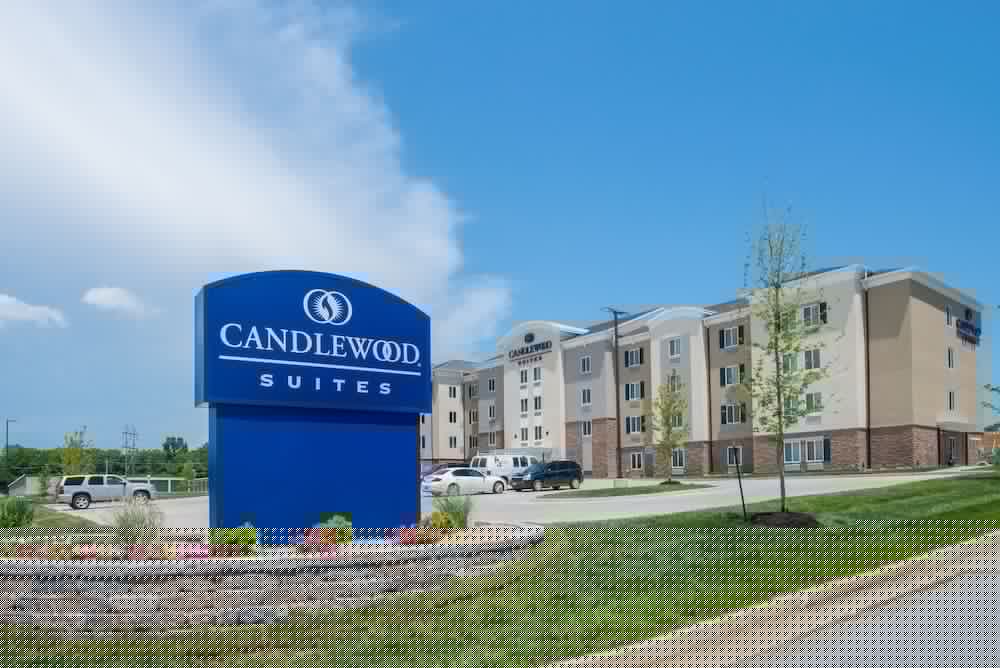 Candlewood Suites Columbia East 1/47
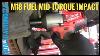 Milwaukee M18 Fuel 1 2 Mid Torque Impact Wrench Recommended For Automotive Use
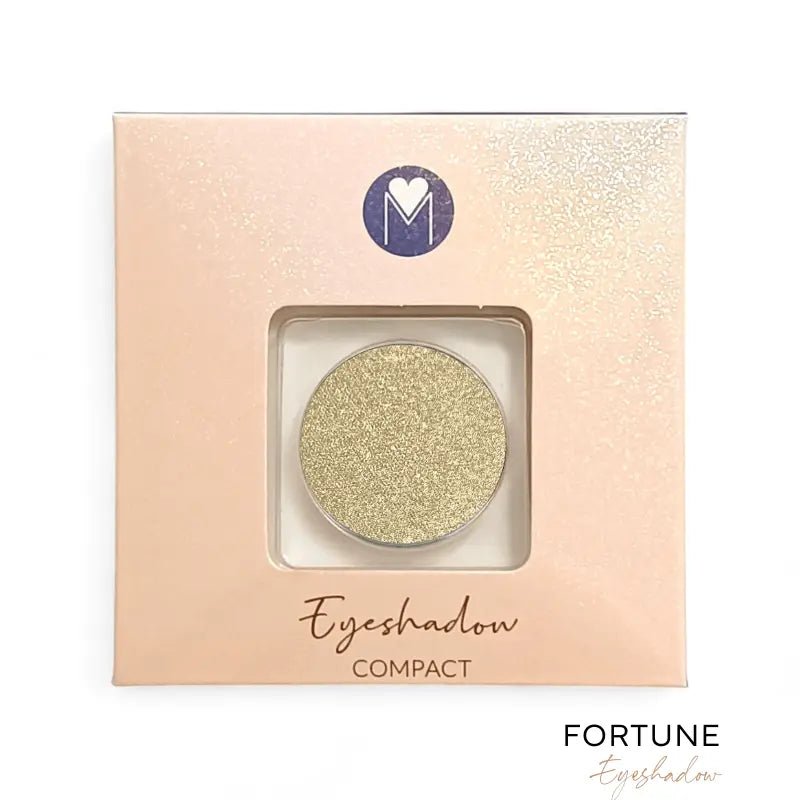 REFILL Compacte oogschaduw - Shimmer/Glitter - Mineralissima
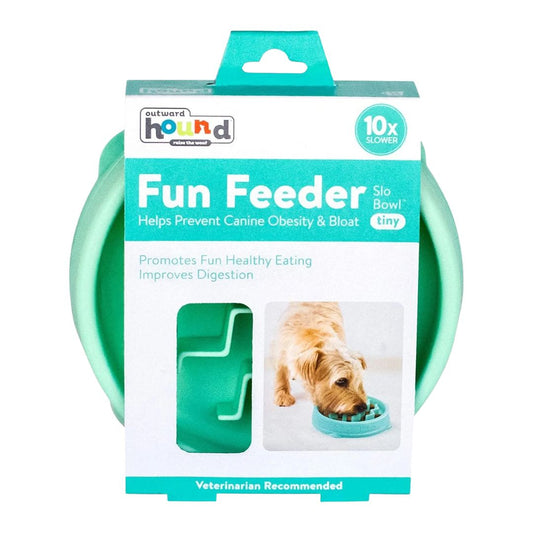OUTWARD HOUND - Gamelle Anti-Glouton S🥣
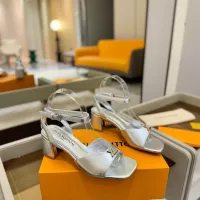 Cheap Louis Vuitton Sandal For Women #1320396 Replica Wholesale [$108.00 USD] [ITEM#1320396] on Replica Louis Vuitton Sandal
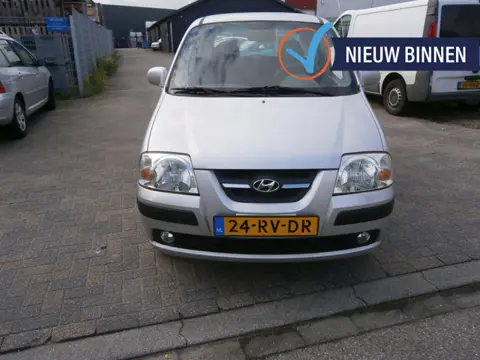 Hyundai Atos 1.1i Dynamic Cool (bj 2005, automaat)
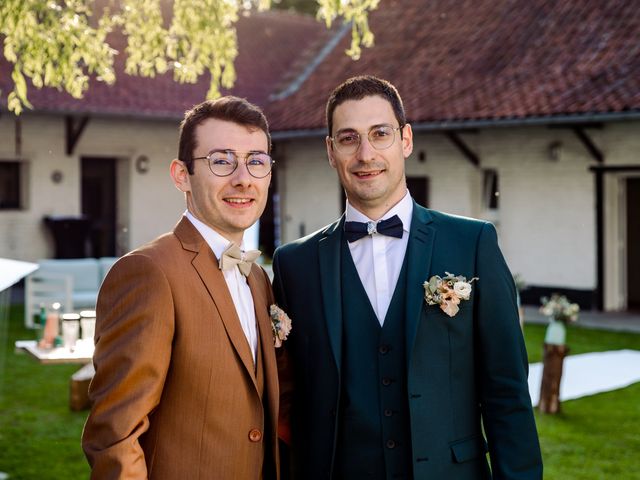 Le mariage de Nicolas et Anthony à Lompret, Nord 52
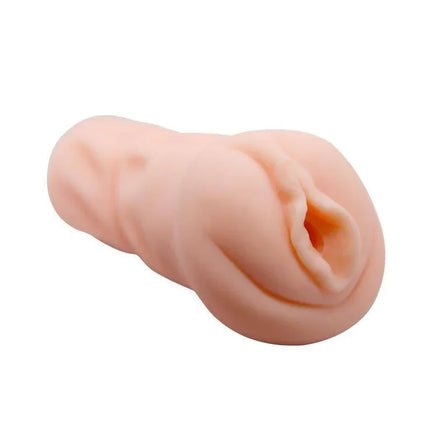 Mavis Vagina Masturbator Fresh Surface with lifelike design and textured tunnel for enhanced solo play pleasure.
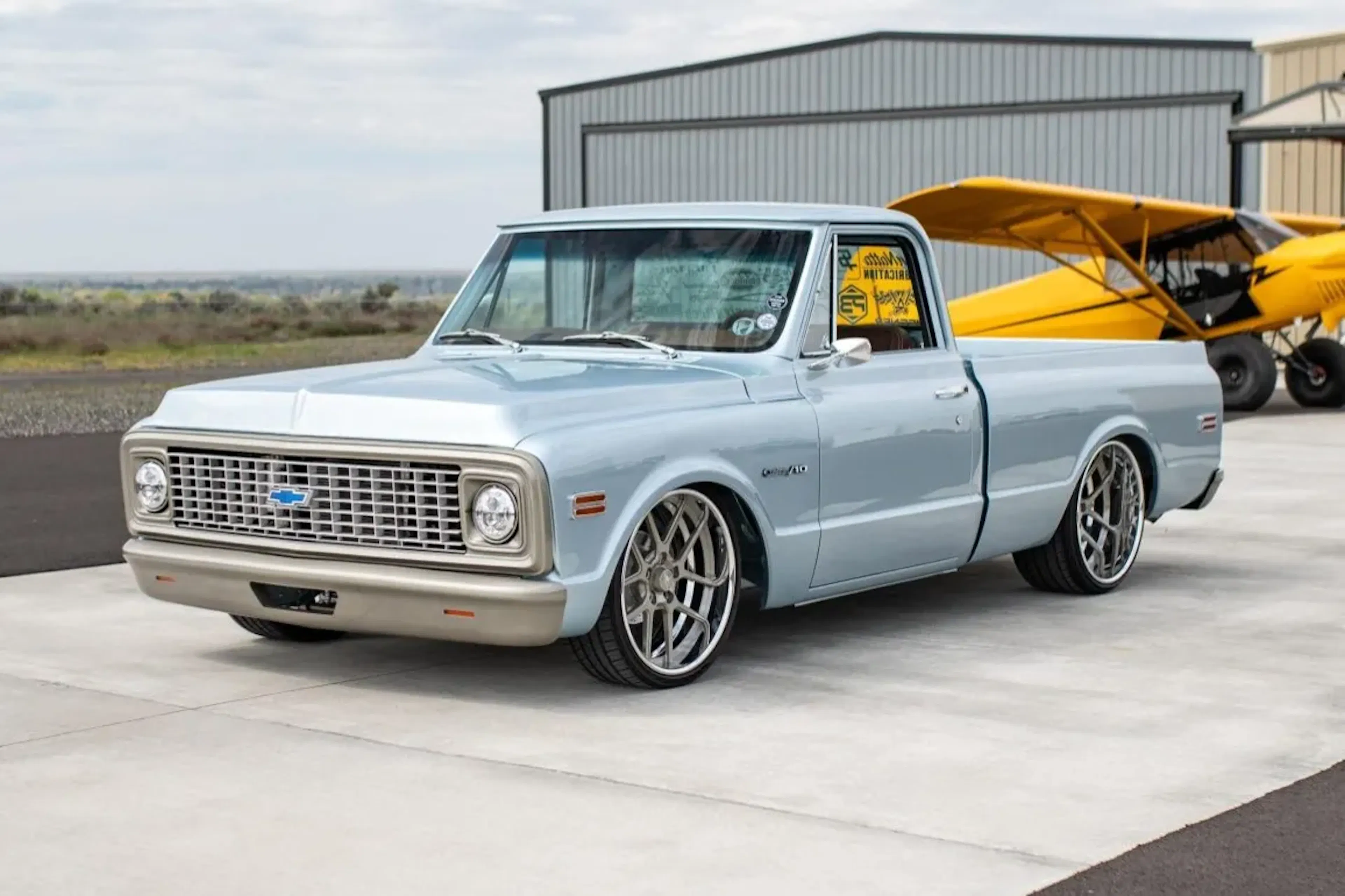 1972 Chevrolet C10 2026-04-23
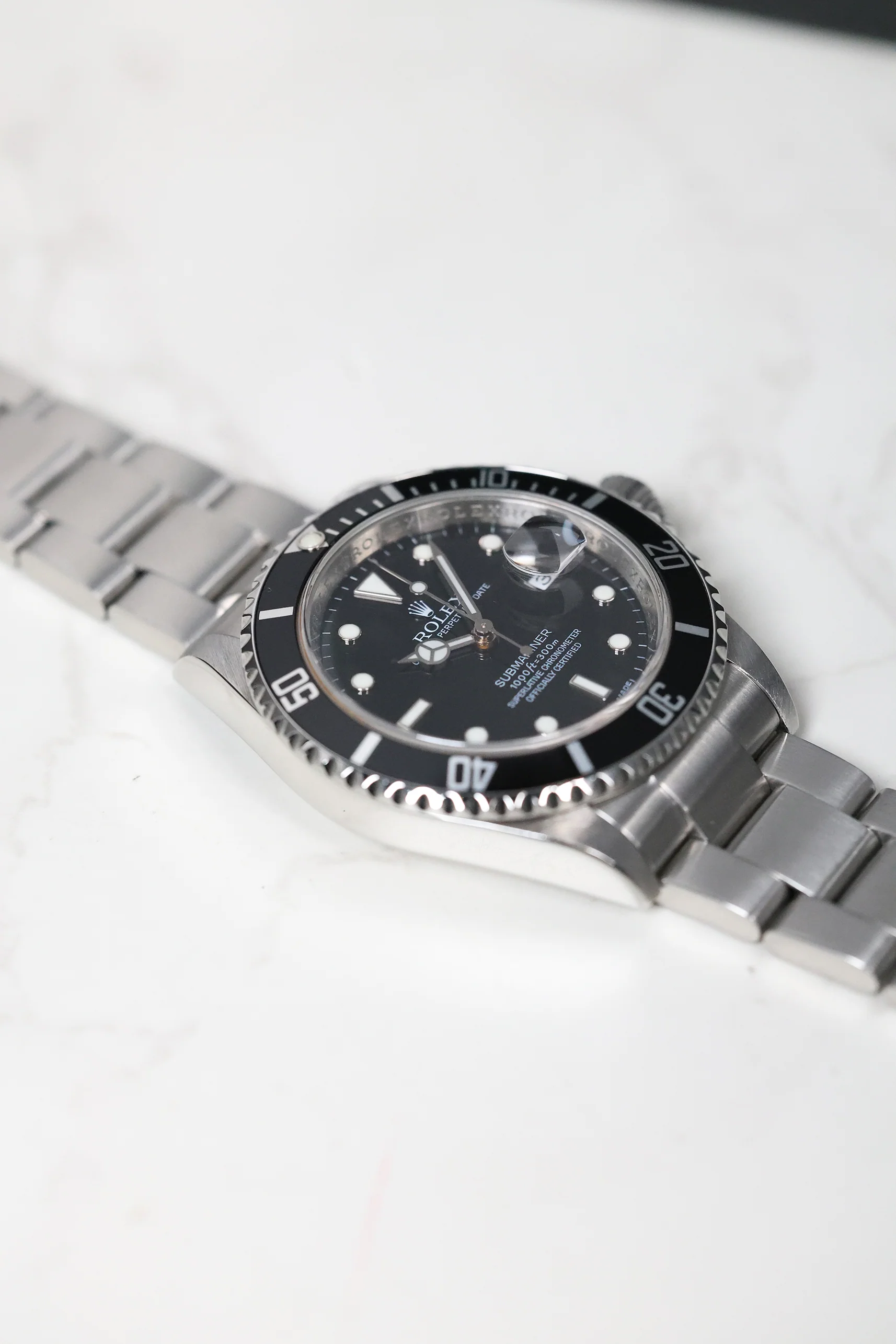 Rolex Submariner Date 16610LN 2008 [Preowned] - Image 7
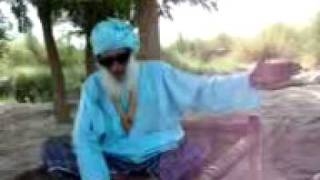 Fakir Mazhar Ali Reciting Maddah.......in mengho fakir shar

====================

> **What the exercise asks**: Give back the material exactly as written, from its first line to the line that contains "OUTWARD HOUND - Gamelle Anti-Glouton S🥣", and leave out the pictures.

> **Answer box**:
 Candlewood Suites Columbia East 1/47
 Milwaukee M18 Fuel 1 2 Mid Torque Impact Wrench Recommended For Automotive Use
 REFILL Compacte oogschaduw - Shimmer/Glitter - Mineralissima
OUTWARD HOUND - Gamelle Anti-Glouton S🥣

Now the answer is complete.